:: Exercise ::
Repeat exactly the stretch of lines that starts with the one containing "We can discuss" and ends with the last line of the material. Leave out pictures.

:: Task material ::
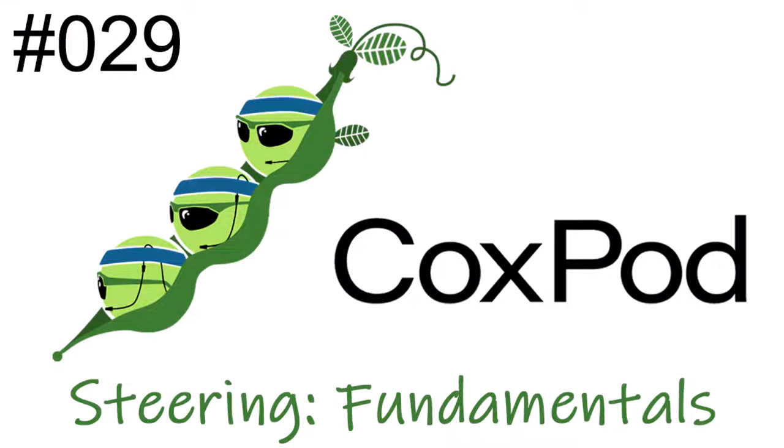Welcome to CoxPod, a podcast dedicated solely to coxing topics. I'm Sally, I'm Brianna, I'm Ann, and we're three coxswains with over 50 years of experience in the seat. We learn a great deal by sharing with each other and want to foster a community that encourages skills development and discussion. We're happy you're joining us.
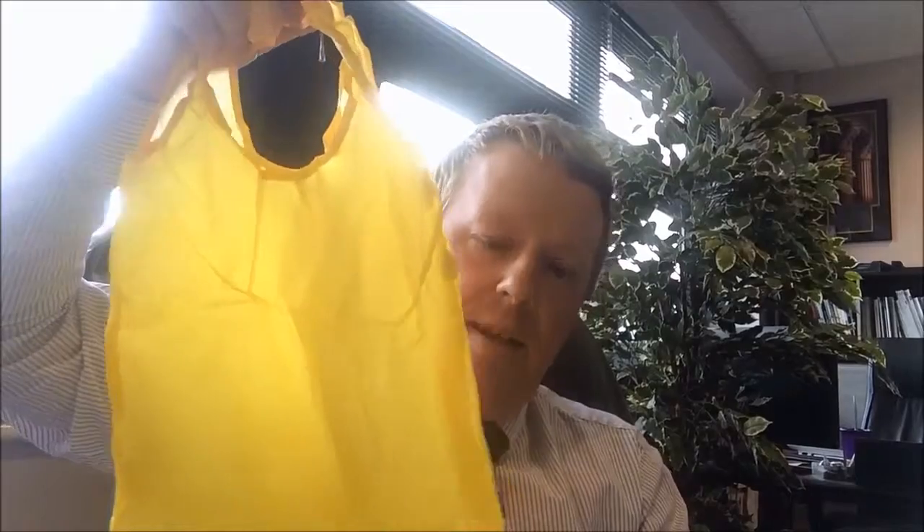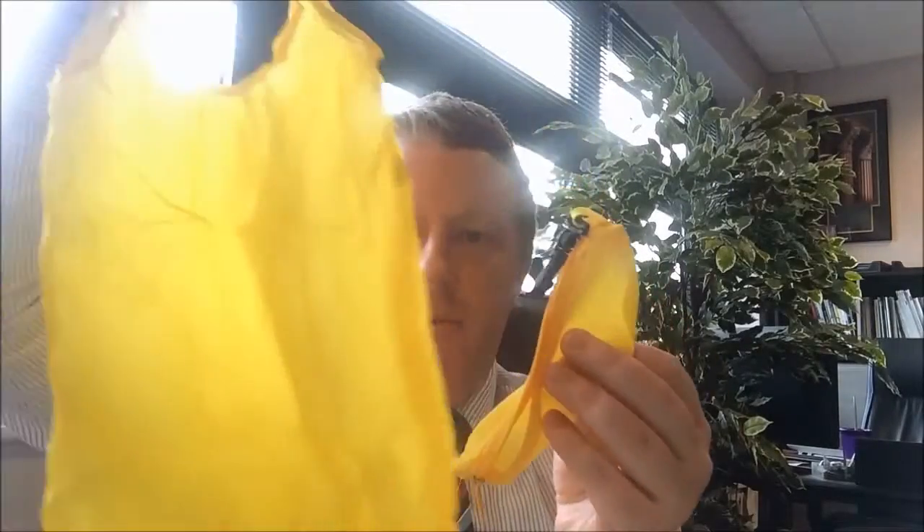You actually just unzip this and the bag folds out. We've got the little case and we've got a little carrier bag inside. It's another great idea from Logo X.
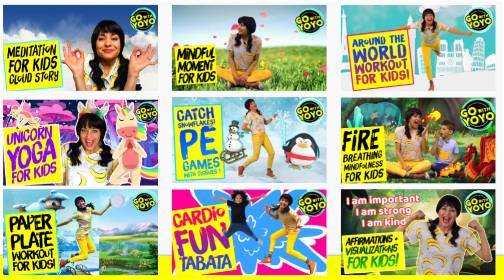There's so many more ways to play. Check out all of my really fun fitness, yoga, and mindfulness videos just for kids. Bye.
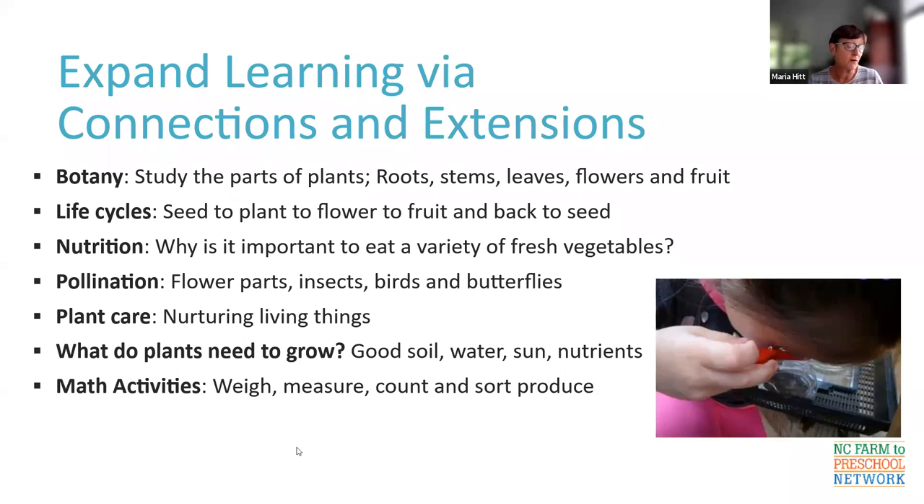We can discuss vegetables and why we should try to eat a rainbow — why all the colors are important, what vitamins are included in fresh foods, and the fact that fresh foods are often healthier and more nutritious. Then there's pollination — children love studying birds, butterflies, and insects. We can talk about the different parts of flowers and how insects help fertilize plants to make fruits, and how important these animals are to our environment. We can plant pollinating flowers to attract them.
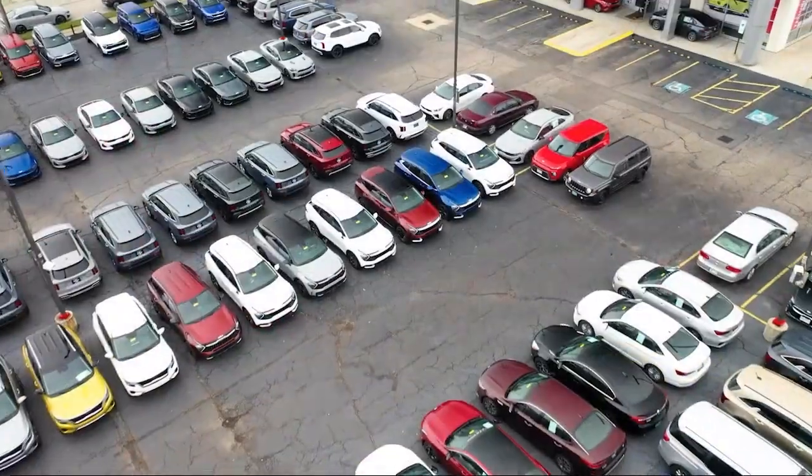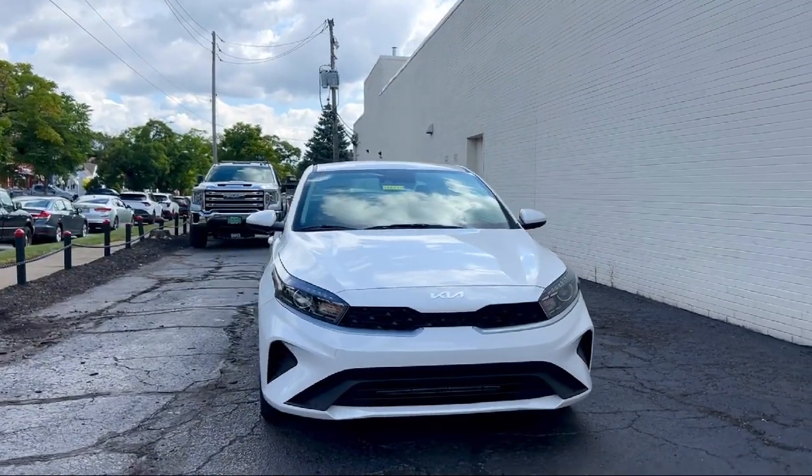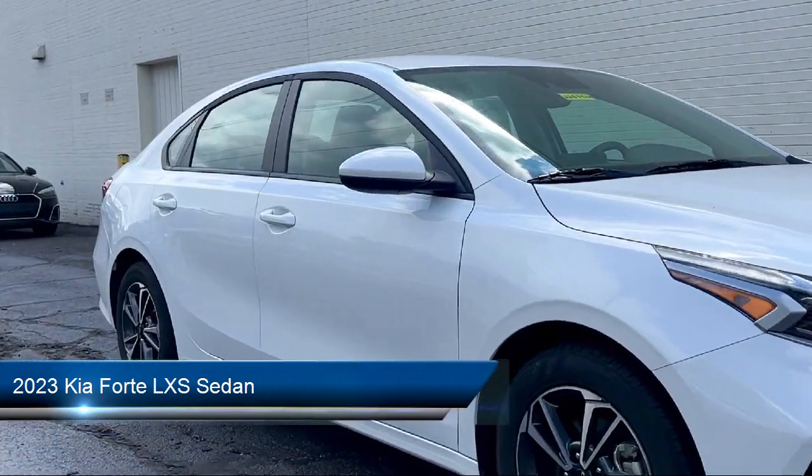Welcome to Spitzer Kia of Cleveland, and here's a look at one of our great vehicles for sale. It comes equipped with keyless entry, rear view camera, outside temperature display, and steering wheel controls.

:: Answer to the problem ::
We can discuss vegetables and why we should try to eat a rainbow — why all the colors are important, what vitamins are included in fresh foods, and the fact that fresh foods are often healthier and more nutritious. Then there's pollination — children love studying birds, butterflies, and insects. We can talk about the different parts of flowers and how insects help fertilize plants to make fruits, and how important these animals are to our environment. We can plant pollinating flowers to attract them.
Welcome to Spitzer Kia of Cleveland, and here's a look at one of our great vehicles for sale. It comes equipped with keyless entry, rear view camera, outside temperature display, and steering wheel controls.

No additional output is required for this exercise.